So it’s probably not what you want, but Git offers a hint: maybe you wanted something to do with submodules, instead!
Submodules give you a way to make a completely separate repo appear inside the working tree of your current repo. Not only that, it allows the current working tree to have a specific commit of the submodule represented in that submodule’s tree.
The canonical use case for this is when your project depends on a library that you also have the source for. You can include the library’s repo as a submodule of your repo, and effectively pin it to a particular version (specifically to a particular commit).
For example, maybe your code works with FooLib version 3.4.90. So you include FooLib as a submodule and make sure it’s pinned to that version. Then even though another team might be updating FooLib, you’ll always have version 3.4.90 available to build against.
Then later when you’re ready, you can update the submodule to the latest version, say 4.0.1, and pin that one in place.
It’s important to note that a submodule is just another regular Git repo. Nothing special about it. The only thing that’s notable is that we’ve decided to effectively clone it inside another repo, and logically tie it to that repo.
Let’s start by talking about what happens when you clone a repo that already uses submodules. In this case, someone else has done the work of putting the repo together with its submodules, but you have to do a little bit of extra effort after cloning it so you get all the submodules, as well.
Later we’ll talk about how to add submodules to a project.
Luckily, for demonstration purposes, I have a repo you can clone that already has a submodule defined within it. (Fork the repo before you clone it if you want to be able to push back.)
Let’s say you already know that the repo you’re about to clone has submodules. (Because someone told you it did.) You can then clone with a flag saying you want to get all the submodule repos, too, please. You do this with the --recurse-submodules
switch:
$ git clone --recurse-submodules \ git@github.com:beejjorgensen/git-example-submodule-repo.git
(Above command split into two lines to fit in the margins.)
And that will clone the repo in question, and it will also clone all repos listed as submodules of that repo. Go ahead and run it—it’s a real repo you can clone.
After you run it and go into the repo directory, you’ll see a git-example-repo
directory in there. That’s a completely separate repo inside this one as a submodule. You can cd
into it and look at the files!
Any Git commands you run in the submodule directory tree apply only to the submodule! Be extra careful making commits in the submodule directory tree—
HEAD
commonly gets detached with submodules. More on that later.

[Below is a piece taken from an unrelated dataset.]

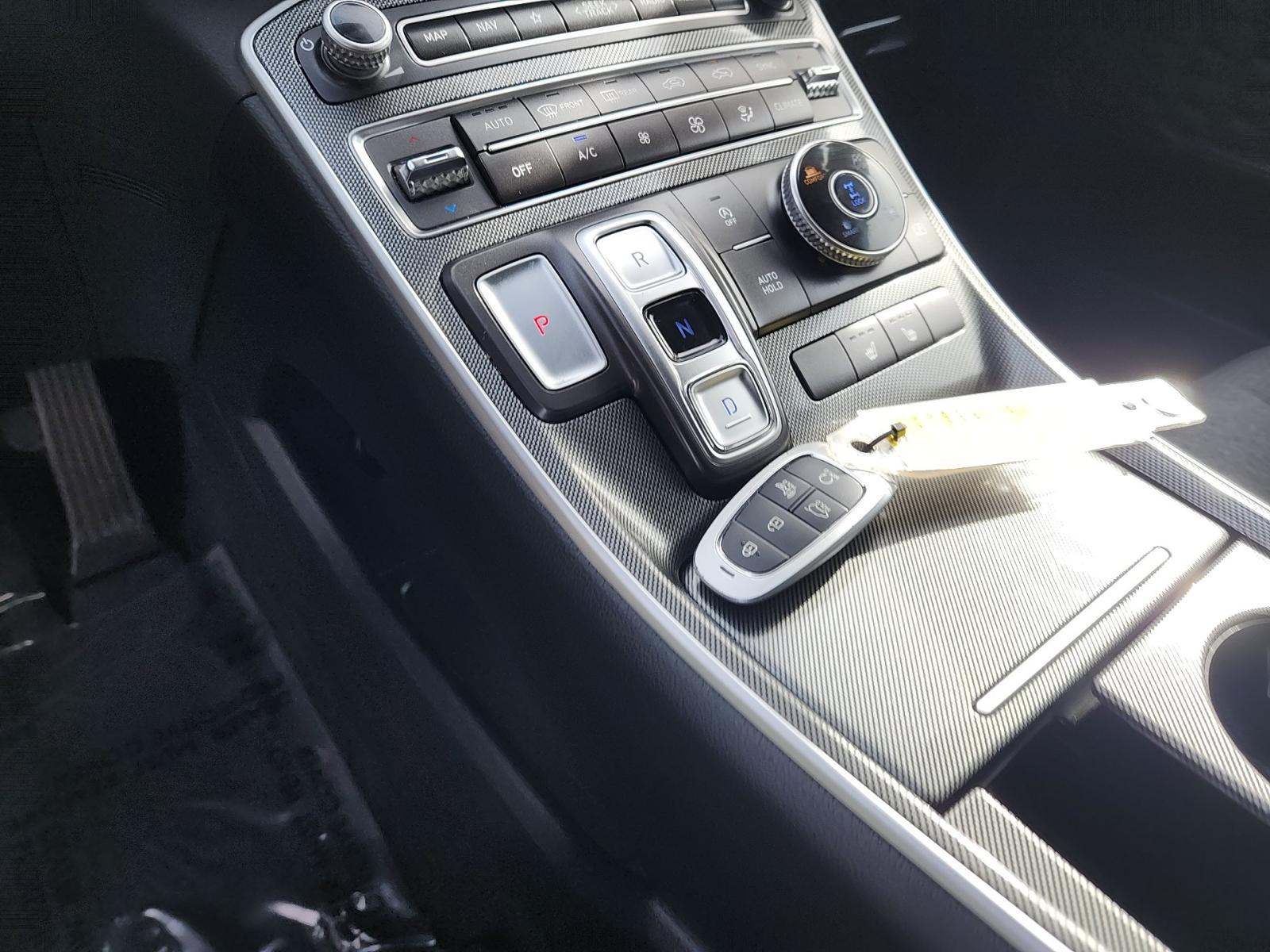 2023 Hyundai Santa Fe SEL AWD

But let’s say you forget to specify --recurse-submodules
, or you just plain didn’t realize there were submodules here. Not to worry! You can get them after the fact. The above command is the same as these two (or three) commands:
$ git clone \
git@github.com:beejjorgensen/git-example-submodule-repo.git
$ cd git-example-submodule-repo $ git submodule update --recursive --init
That will also get the submodules cloned. (--recursive
is in case the submodules have submodules (!!) and the --init
does some necessary bookkeeping work in your local repo. How’s that for a handwavy statement?)
And for now, that might be enough for you to get to work! All you really needed to build the existing project was the repo and its submodules, and you might not be in charge of the submodules and just need them to exist for the build. So now you can get to work.

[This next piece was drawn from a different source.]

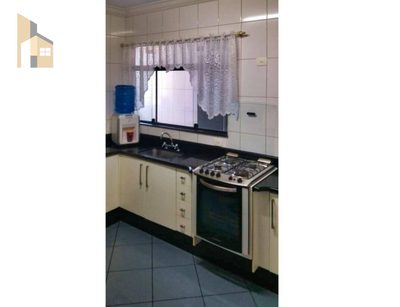 Apartamento, 3 quartos, 140 m² - Foto 5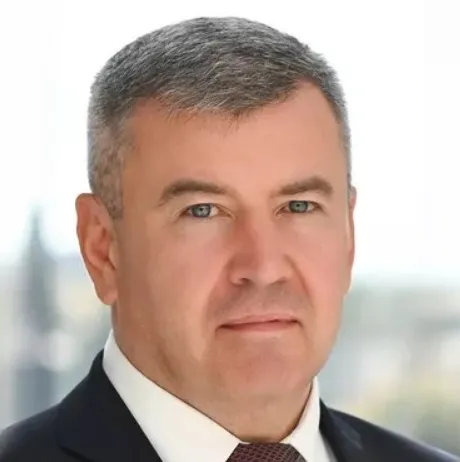 Александр Дьяконов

But in case you need to do more, read on!
Let’s say you have a repo already, but you’ve decided you want to include another repo as a submodule.
Again, a use case for this might be if your main repo project depends on another one for the build, e.g. like a library. And you don’t want to use the binary form of the library (or maybe it doesn’t exist), so you need to build it.
If you didn’t use submodules, anyone who wanted to build your repo would need to also clone the library repo and juggle all that. Wouldn’t it be nicer if they could just add that --recurse-submodules
flag to their clone
command and have it all set up an ready to build?
So let’s go through the steps of adding a submodule to an existing repo and see how that all works.
Feel free to use my sample repo as your submodule, use one of your own, or anyone else’s. No one knows when you make a submodule out of their repo.
First, let’s create a new repo for testing and put a commit in there for fun:
$ git init test_repo
Initialized empty Git repository in /frotz/test_repo/.git/
$ cd test_repo
$ echo Hello, world > foo.txt
$ git add foo.txt $ git commit -m added
And let’s add a submodule!
$ git submodule add \
git@github.com:beejjorgensen/git-example-repo.git
Cloning into '/home/beej/tmp/test_repo/git-example-repo'...
remote: Enumerating objects: 4, done.
remote: Counting objects: 100% (4/4), done.
remote: Compressing objects: 100% (3/3), done.
remote: Total 4 (delta 0), reused 4 (delta 0), pack-reused 0 (from 0) Receiving objects: 100% (4/4), done.
There you go! Well, almost, anyway. Let’s check our status:
$ git status
On branch main
Changes to be committed:
(use "git restore --staged <file>..." to unstage)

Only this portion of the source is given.